A key skill within project management is effective relationship management; I know some exceptional communicators and also know some who think they are exceptional communicators – unfortunately it is difficult to break through a hardened ego shell so this article is aimed at those who remain open minded to improving or honing their skill. Behaviours play a big part of relationship management and building – gaining respect doesn’t purely come from a shining track record of stellar delivery, it comes from a few factors:

  1. Respecting others – show interest in individuals and understand what their drivers are, listen to them and hold on to the information.
  2. Be genuine – we are all human, admit your mistakes and set your limits.
  3. Support others awareness of you, share interests and values.
  4. Demonstrate integrity – practice what you preach, roll your sleeves up and work with others.

handshake

Connect with others by listening, create a positive environment where you demonstrate a personal investment in the relationship, apply appropriate boundaries and gain a clear sense of what individuals are saying, build rapport and encourage others to listen in return.

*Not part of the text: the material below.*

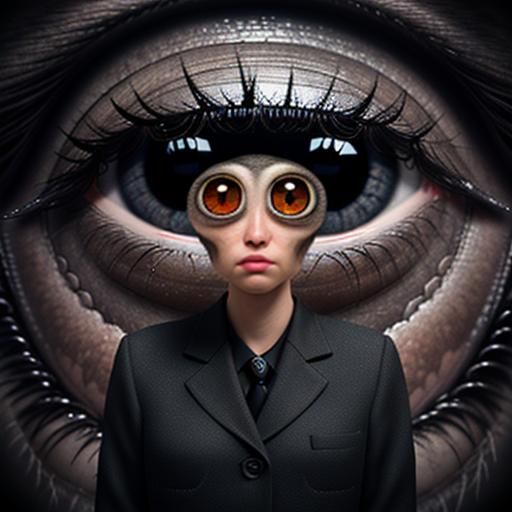 Surreal School Kid with Gigantic Eyes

When in a scenario you should look to apply the following:

  • Acknowledge what is being said, register what is happening.
  • Identify their intentions – what is it they hope to achieve.
  • Review – consider the conversation and either respond there or give a time when you will be able to provide a response.

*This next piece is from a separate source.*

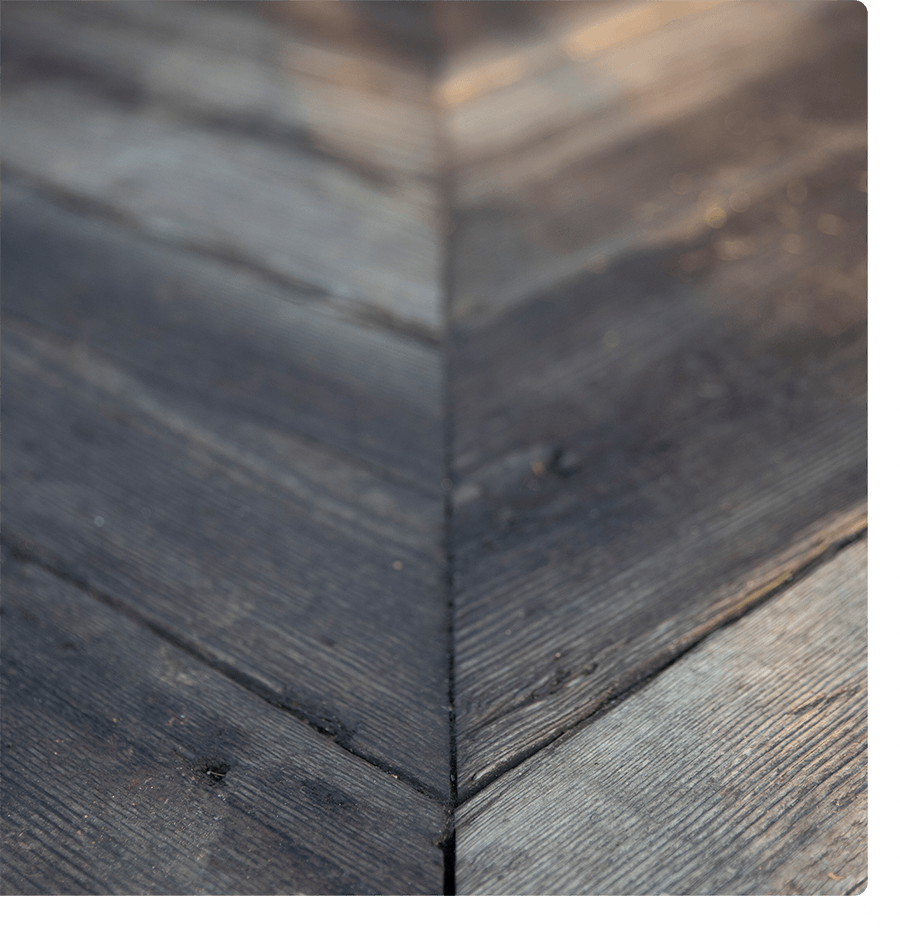 Close up of wood in a chevron pattern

Always ensure conversations have a healthy balance of input and response, listen, offer support or solutions, listen, confirm understanding, listen, reflect and summarise. Make observations; provide feedback and/or opinions, challenge views, offer relevant examples/stories and advice. Don’t talk over others – let them have their say, but keep in control of the discussion.

Project Management Interviews – keeping it on track

Over the years in recruiting project professionals I have found one of the key pieces of feedback from clients is that candidates have been unclear answering questions at interview. Often starting off with an example of when they did XYZ and going off on a tangent so not covering the response effectively. This is easy enough to do when the pressure is on and you are trying to convey a great deal of information.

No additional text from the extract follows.